─── Material for the task ───

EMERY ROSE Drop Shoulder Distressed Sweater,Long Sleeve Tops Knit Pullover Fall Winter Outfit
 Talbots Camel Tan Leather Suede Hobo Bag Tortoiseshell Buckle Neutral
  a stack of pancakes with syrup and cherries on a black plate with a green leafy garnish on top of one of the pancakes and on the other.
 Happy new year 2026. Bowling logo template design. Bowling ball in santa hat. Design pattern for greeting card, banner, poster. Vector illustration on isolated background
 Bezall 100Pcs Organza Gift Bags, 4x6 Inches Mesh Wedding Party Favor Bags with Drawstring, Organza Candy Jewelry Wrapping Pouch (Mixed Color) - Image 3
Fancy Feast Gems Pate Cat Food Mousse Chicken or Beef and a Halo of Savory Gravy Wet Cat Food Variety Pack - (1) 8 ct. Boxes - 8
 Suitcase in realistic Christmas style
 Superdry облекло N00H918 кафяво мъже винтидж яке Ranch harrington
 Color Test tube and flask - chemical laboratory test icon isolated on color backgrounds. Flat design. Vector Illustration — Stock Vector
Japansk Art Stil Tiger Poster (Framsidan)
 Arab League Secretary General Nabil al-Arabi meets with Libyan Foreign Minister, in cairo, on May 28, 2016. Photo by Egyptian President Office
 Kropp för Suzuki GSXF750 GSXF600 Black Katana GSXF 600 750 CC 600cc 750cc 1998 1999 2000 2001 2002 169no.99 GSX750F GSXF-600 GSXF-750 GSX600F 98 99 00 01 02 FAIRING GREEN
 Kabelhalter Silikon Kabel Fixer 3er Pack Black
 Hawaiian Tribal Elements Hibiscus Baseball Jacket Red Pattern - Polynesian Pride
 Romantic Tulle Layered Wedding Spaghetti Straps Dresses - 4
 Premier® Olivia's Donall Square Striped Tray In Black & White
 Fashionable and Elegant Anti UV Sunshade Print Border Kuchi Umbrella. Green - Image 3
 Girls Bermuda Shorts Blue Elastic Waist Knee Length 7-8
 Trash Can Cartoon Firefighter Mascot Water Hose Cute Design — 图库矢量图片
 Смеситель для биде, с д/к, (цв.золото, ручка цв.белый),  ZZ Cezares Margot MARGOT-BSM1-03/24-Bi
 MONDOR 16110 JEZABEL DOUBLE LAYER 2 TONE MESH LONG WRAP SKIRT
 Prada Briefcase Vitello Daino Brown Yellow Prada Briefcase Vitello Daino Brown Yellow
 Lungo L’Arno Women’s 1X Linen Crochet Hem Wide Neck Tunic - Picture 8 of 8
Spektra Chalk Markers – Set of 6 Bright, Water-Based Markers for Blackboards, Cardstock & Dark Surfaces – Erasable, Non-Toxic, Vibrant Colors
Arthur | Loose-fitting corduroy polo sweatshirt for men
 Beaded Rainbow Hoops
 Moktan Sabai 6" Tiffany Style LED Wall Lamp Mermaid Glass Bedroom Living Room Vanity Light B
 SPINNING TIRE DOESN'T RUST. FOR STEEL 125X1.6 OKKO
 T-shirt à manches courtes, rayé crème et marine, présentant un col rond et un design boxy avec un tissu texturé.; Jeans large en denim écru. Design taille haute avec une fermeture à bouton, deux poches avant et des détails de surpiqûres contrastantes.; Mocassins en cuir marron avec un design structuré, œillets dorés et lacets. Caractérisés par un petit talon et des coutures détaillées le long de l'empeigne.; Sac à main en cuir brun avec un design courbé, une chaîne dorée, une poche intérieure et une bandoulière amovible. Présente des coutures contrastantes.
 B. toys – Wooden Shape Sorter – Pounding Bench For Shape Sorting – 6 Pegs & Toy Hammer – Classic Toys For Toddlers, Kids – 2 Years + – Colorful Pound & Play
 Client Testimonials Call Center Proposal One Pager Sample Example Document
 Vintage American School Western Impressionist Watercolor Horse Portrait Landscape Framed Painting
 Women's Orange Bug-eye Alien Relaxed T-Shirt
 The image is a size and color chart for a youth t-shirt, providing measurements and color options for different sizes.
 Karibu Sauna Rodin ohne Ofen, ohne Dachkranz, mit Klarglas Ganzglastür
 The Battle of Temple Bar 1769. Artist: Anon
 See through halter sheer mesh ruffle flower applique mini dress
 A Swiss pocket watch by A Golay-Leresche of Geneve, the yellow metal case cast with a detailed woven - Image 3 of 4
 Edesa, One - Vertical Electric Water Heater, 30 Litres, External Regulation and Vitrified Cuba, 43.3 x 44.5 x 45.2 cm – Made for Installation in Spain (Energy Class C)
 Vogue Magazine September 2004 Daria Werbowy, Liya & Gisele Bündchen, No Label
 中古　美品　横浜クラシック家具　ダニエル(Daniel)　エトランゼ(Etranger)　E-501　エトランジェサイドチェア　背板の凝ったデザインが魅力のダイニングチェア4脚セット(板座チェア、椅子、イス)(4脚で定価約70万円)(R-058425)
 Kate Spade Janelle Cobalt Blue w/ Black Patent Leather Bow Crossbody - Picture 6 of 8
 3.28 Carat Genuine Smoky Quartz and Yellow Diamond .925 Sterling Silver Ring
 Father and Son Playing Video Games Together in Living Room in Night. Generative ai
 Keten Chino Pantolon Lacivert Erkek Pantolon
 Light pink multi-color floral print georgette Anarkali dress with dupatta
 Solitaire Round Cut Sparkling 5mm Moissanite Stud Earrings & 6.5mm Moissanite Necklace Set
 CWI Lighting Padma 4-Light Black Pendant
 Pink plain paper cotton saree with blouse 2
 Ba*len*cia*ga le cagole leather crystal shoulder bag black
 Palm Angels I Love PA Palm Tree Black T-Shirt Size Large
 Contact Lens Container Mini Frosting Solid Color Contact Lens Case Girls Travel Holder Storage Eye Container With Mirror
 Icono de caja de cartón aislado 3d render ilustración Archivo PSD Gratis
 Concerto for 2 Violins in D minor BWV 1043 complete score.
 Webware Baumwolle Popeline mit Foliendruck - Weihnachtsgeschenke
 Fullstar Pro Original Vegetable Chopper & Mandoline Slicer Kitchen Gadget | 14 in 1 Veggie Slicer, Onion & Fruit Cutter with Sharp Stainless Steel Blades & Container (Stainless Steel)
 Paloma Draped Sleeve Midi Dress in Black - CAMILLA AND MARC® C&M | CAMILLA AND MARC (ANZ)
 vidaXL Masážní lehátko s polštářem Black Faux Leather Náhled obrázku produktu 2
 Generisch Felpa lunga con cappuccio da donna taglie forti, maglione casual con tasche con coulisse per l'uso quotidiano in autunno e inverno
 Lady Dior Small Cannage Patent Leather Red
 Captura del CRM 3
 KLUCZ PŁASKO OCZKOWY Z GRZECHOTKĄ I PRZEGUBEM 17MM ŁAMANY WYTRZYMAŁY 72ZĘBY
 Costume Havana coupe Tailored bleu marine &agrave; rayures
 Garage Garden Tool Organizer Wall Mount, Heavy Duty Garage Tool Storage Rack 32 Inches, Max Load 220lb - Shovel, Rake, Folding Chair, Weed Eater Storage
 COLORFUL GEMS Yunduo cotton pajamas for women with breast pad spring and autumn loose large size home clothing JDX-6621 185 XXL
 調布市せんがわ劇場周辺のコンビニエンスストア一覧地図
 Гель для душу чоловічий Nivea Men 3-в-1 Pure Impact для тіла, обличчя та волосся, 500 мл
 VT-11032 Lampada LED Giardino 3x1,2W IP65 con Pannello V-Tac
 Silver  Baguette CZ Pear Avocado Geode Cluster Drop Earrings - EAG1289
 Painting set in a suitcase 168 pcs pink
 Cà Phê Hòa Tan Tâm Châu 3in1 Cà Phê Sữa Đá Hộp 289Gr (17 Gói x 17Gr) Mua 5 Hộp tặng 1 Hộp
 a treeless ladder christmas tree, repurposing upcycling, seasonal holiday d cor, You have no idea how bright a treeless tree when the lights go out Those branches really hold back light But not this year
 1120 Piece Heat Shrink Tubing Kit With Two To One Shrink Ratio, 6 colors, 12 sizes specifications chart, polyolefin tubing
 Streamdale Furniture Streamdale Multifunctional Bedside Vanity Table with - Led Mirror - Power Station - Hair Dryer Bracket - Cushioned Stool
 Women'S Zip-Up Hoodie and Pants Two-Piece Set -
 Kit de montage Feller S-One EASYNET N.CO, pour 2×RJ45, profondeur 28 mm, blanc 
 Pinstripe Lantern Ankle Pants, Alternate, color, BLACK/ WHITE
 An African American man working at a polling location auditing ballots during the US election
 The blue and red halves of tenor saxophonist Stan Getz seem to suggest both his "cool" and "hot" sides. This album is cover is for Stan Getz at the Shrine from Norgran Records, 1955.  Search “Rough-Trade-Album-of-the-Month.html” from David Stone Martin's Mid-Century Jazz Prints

───

▸ Work to complete
Look for the string "Patent" in the data above and return every line that has it.

▸ Task response
 Kate Spade Janelle Cobalt Blue w/ Black Patent Leather Bow Crossbody - Picture 6 of 8
 Lady Dior Small Cannage Patent Leather Red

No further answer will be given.